There is a growing belief that our lifestyle of pervasive technology is alienating us more than connecting us these days, the old Ted Kaczynski theory. In Craigslist Joe, 29-year-old Joseph Garner wants to test this theory and decides to go out into the world, armed with only his laptop, a cell phone (with no current contacts programmed in), his toothbrush and the clothes on his back, to see if he can survive through contacts made on Craigslist alone for 31 days.
is another one of these Gonzo documentaries which have been increasing in popularity since 2004’s Super Size Me—another filmic experiment driven by the propagation of easy filming and a seeming boredom with everyday life. The success of these kinds of films are in part reliant upon their protagonist, the gentleman (or lady) driving the story. Super Size Me wouldn’t have been half as fun without the easy charisma of Morgan Spurlock.

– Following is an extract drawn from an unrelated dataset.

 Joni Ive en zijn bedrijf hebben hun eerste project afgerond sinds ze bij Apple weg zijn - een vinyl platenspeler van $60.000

The other half of the equation, of course, is the subject of the film. Whether it’s the effect of fast food on our nation or the effect of our deeply ingrained national religious past, a documentary has got to be about something interesting: something we can all relate to and something we all get.
In neither of these scenarios does Craigslist Joe succeed.

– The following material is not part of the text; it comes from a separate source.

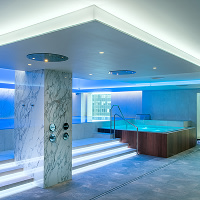 Spaområde med pool på Radisson Collection Hotel i Tallinn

Joseph Garner, let’s call him Joe from here on out, while seeming like a very nice guy, is not particularly charismatic or engaging. He moves from situation to situation with the charm and ease of an octogenarian politician. He struggles to make connections with people, often lingering on the outskirts of conversations and making forced observations. The most awkward of his moments are the two occasions where he is “deeply affected” by his experience. It simply feels like the filmmakers felt the movie needed these “heartfelt” moments to hang their hat on, and so he had to perform them.
This leaves the subject of the film. The premise is tantalizing for sure, and initially, it seems like Craigslist Joe could hold dramatic interest, but ultimately the film drowns under its own lack of focus. The first day that Joe is out on his own, he struggles to find something to eat and a place to stay just using Craigslist. The sun is setting. There is some dramatic tension. What’s going to happen to our hero? It’s December, the middle of winter, will he be okay? It’s not spoiling much to say that this is about as tense as it gets.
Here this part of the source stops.